It might perhaps work as a way to preserving content quality somewhat, but it keeps people away from the site by making them feel unwelcome or too intimidated to post. It's a design that creates maximum user friction.

The main problems of SO's model:

  • Humans often simply don’t take kindly even to constructive criticism, especially not when given in public for the world to see.

    The basics of leadership & keeping people motivated is to give praise loudly in public but to give criticism discreetly in private. This makes people far more likely to actually listen to the criticism and change.

    Solve this by removing the question from the public eye and then give private feedback to the poster.

  • Deleting posts “as slowly as possible”. Bad questions get slowly grinded down into the dust by down votes, comments, close votes, all in public, really rubbing it in. And even when it sits there with 5 close votes and -10 score, it is still published for everyone to see.

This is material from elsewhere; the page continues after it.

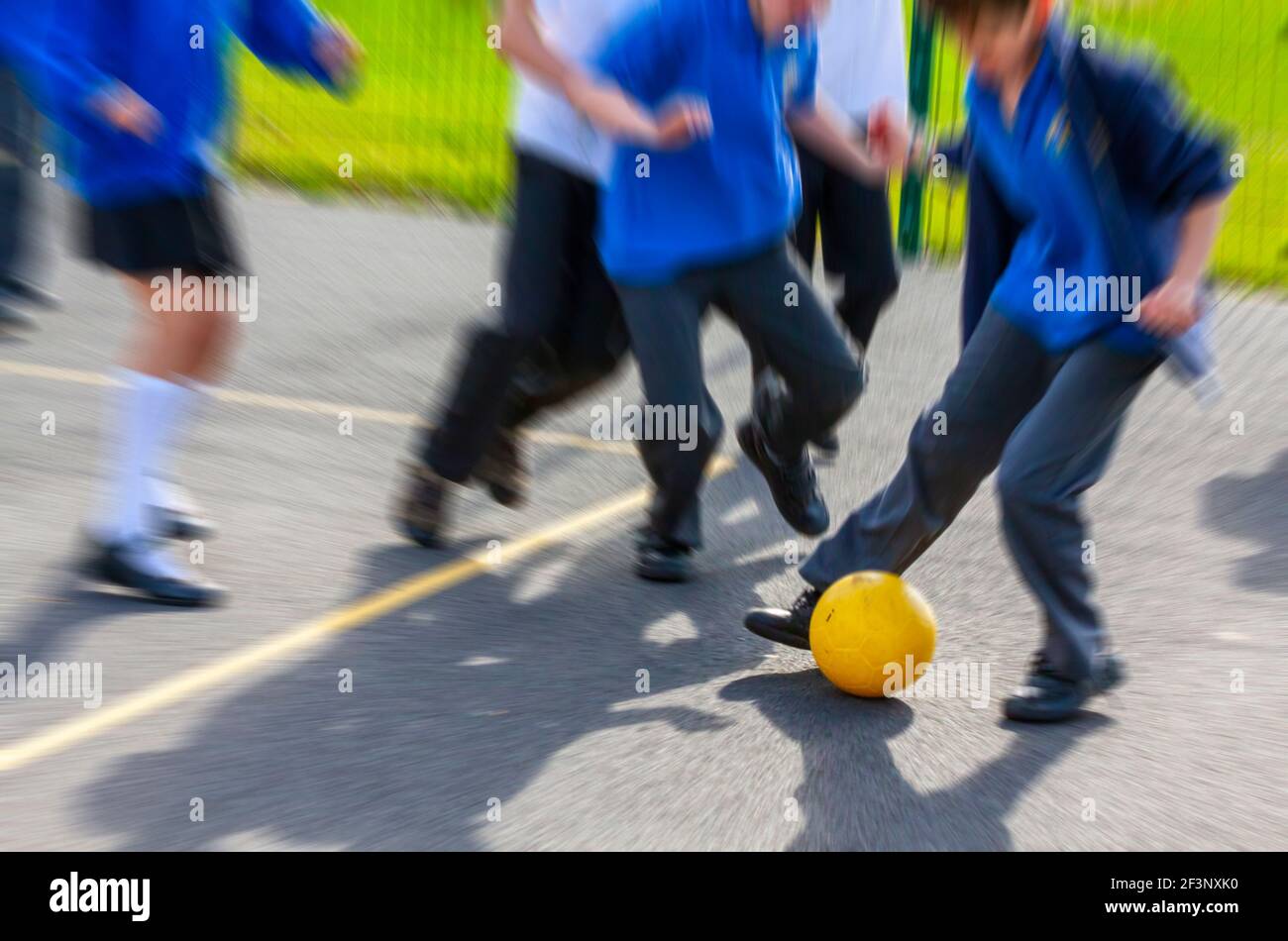 Les enfants de l'école primaire qui jouent au football en une pause de leurs cours de classe. Banque D'Images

    Solve this by giving trusted users privileges to instantaneously remove a bad question from the public eye. This also minimizes friction as the question is moved away from those who haven't the slightest interest in helping new users.

  • “Bandwagon moderation”. The first veteran user who encounters a bad question and is willing to help out, often gives constructive criticisms with links to help pages etc. So far, so good - that initial polite comment is often all that’s actually needed. Yet we have subsequent users arriving later, piling on further comments or repeating what's already been said.
    It stops being constructive and derails into what the poster might interpret as “you are bad”. And it creates a negative atmosphere for everyone stumbling over that post too.

    Lots of such comments come from veteran users who are simply fed up by viewing the same endless flood of bad questions day after day. They actually don’t have much interest in helping the OP at all, they just want the crap question gone.

    Solve this by not forcing regular users to view bad content, again by quickly removing such questions away from the public eye to a “quarantine” area.

  • SO’s “crap hugging” policy of “we must preserve and publish all the crap ever posted and polish it until the end of time” is harmful. Similarly, when a question is closed since it can’t be answered and needs to be corrected by the OP alone, it is senseless to keep on displaying that question to the public.

    It is much more important for the community to reduce negative criticism and low quality content than to preserve some unsalvagable homework dump for all eternity.

  • In addition, do not force users who just want to use the site to become moderators, by having a messy rep system that assumes that people with good domain knowledge automatically make good moderators as well. This simply isn’t true. A better reputation & moderator privilege system than the one at SO is needed.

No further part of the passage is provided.